For Ruth Carney the story began three years ago, when she first read the
interview with Stephen.
"I was just so moved by the story,"she says.
"I started researching the whole issue and I could not believe the
extent of the cover-up by the Government."
After making contact with Stephen and his family, Carney built up a
relationship and trust and Stephen allowed her access to diaries he had
kept when Rachel was ill with the disease.
"Speaking to and getting to know Stephen was amazing, he is an
incredible man and so passionate," she says.
"It was also so clear just how much he loved his daughter."
For Carney, The Lemon Princess is as much about the story of the love
between a father and a daughter as it is about exploding the whole
contentious political issue of the management of the CJD crisis.
"I care about the play and the story on a personal level," says Carney.
"But I'm also aware that we are going to be kicking up a real hornets'
nest and I'm glad about that. I hope the story inspires people,
stimulates debate, and makes them ask questions about what happened."

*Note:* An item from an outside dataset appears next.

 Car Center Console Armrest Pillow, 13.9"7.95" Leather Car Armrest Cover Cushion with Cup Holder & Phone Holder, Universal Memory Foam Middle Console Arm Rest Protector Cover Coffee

The Lemon Princess opens at West Yorkshire Playhouse, Leeds, on February
4 and runs until March 5. For tickets ring 0113 213 7700.

The Playhouse is running a series of events alongside The Lemon Princess:
The Real Story of Mad Cow Disease; February 19, 12pm: Artists,
scientists and families of those who have suffered from nvCJD discuss
relevant issues.
Cafe Scientifique; February 26, 5pm: A relaxed, informal opportunity to
learn about nvCJD and BSE from a leading scientist.
Action: Reaction; March 2, 3pm: An artistic presentation by MA
choreographers from Bretton Hall and the Playhouse Young Ambassadors
which uses newspaper articles, interviews and reports to create a fusion
of theatre and modern dance.


Dr Stephen Dealler is the man who worked alongside Prof Richard Lacey as
a registrar at Leeds General Infirmary. It was Prof Lacey who first
warned that BSE could jump the food chain from cattle to human.
He, along with Prof Lacey, was denounced by the Government when they
voiced their fears about nvCJD.
Today we know their warnings should have been heeded, yet when he speaks
about the whole sorry affair, Dr Dealler, now a consultant medical
microbiologist at Lancaster Royal Infirmary, simply lists the facts.
"We (researchers) were told that basically if anyone stepped out of
line, they would be made unemployed," says Dealler, who has acted as
medical adviser on The Lemon Princess.
"I was Lacey's underling and he told me to start looking at this
disease. Other researchers carrying out work were told they should say
nothing. He was the only one that decided to speak out, it was like it
was Lacey versus the world.
"The Government discredited him and by association me and the work we
were doing together, although the BSE inquiry report in 2001 showed that
he was right."
Dr Dealler began researching BSE and nvCJD in 1987 and Prof Lacey began
to warn about it in the late '80s. The research which showed a major
source of the country's food supplies may be contaminated caused the
then Conservative government to panic and in 1990 press statements were
issued assuring the safety of beef.
"Stephen Forber found me when he
was researching the disease after his daughter contracted it," says
Dealler, who tracked Rachel Forber's case from the start.
"When someone tells you that your daughter's going to die, but there is
a chance that something might work you are willing to try anything.
"This particular case (Rachel's) was desperately important in the
research that has been carried out since.
"I think the play shows really well the story of this young woman and
what happened during the whole affair."